La iglesia que dejó Bergoglio se parece más a la de Angelelli y Mugica. A la del Concilio Vaticano y a aquella que inspiró Jesús, antes de su muerte, sin haberla fundado. Bajo ese lineamiento, Jorge García Cuervas, ejerce la pastoral. Nacido en Río Gallegos, formado en la UCA (Universidad Católica Argentina) que, en 1986, ingresó a la carrera de Derecho en la Universidad de Buenos Aires, mientras misionaba en los barrios populares de El Palito y El Garrote, de Tigre.
No es la primera vez que García Cuerva tensiona el Tedeum tradicional del 25 de mayo. Desde que gobiernan los libertarios, cada palabra del arzobispo es una lanza al corazón de las ideas de Milei. “Todos somos importantes, comenzando por los abuelos, los niños, los enfermos, las personas con discapacidad”, dijo García Cuerva para luego citar al Papa León XIV: “¿Los menos dotados, nos son personas humanas? ¿Los débiles, no tienen nuestra misma dignidad? ¿Los que nacieron con menos posibilidades, valen menos como seres humanos?”. Y, pese que todos los caminos analíticos y lógicos resolvieron que era una crítica directa al gobierno, Milei gambeteó la lanza diciendo “no me sentí atacado”. El que bautizó a los jubilados de “viejos meados” y convocó a los pobres a “hacer algo para no morirse de hambre”, además de no querer pelearse con la iglesia y sus fieles, aplica algunas pinceladas de pragmatismo político para no seguir desangrándose en el rechazo popular, y de paso, prepara el terreno para la posible visita del Papa para antes de fin de año.

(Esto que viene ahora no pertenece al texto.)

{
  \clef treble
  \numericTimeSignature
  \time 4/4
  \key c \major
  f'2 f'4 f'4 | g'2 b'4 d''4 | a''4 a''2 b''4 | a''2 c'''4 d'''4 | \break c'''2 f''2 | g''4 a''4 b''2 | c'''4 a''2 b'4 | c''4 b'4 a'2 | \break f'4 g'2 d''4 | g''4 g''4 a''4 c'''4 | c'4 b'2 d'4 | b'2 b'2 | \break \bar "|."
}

Milei sobreactúa y finge demencia. “Me parece interesante, positivo y constructivo que una autoridad religiosa trate de mediar”, dijo en Radio Mitre. El más mediador…
García Cuevas aclaró que su homilía no era dirigida a nadie en particular, pero, como suele pasar en muchos engaños amorosos, todos lo saben menos Milei, que eligecorrerse de la confrontación pública para que la espuma baje rápido. El acercamiento del presidente a las ideas de esta iglesia es estrictamente diplomático, o por un rapto de vergüenza. No hay que olvidar lo que dijo Francisco, gritar que el Papa es el representante del maligno en la tierra “es cosa de chicos”.

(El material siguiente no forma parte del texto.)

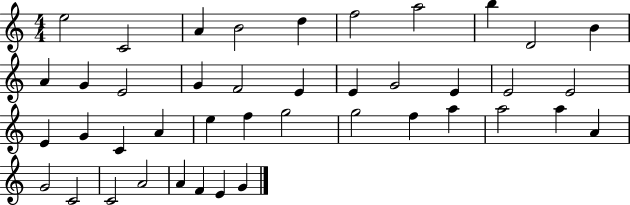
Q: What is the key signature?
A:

Además, esta iglesia banca el rol del Estado, la asistencia y la protección de los vulnerables. En cambio Milei promueve la reducción del Estado, un ajuste brutal sobre los sectores populares y estatales y pondera el rol del mercado como único garante de las supuestas libertades.

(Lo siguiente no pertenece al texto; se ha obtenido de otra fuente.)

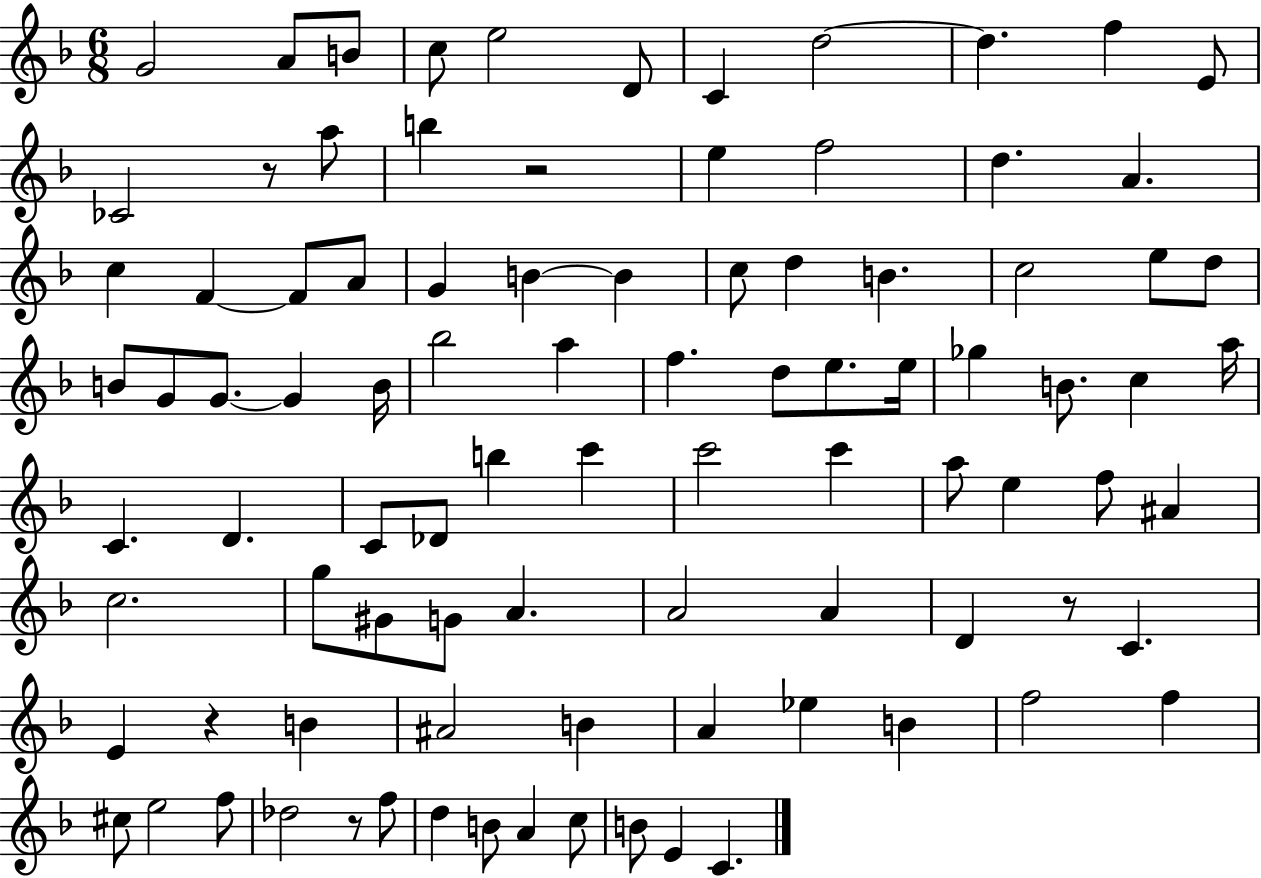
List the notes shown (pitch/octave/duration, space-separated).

Con la otra iglesia, la del edicto de Milán, Milei comparte el rechazo al aborto legal y a las políticas de género y defiende los modelos morales de las familias tradicionales,de la “gente de bien”. La relación de Milei con la iglesia de Francisco, es ambigua, protocolar y cautelosa. Pero la ambigüedad de Milei va más allá. Fue criado como católico, estudia judaísmo, admira a los rabinos y le atrae el antiguo Testamento. Un monoteísta que sigue buscando las razones heterodoxas de su mesianismo.
¿Y con Jesús? Todo bien. Del Hijo de Dios le gusta todo, excepto cuando le recuerdan sus ideas de justicia social. Ahí aparece el Milei real, el que ya no se puede ocultar debajo de una homilía.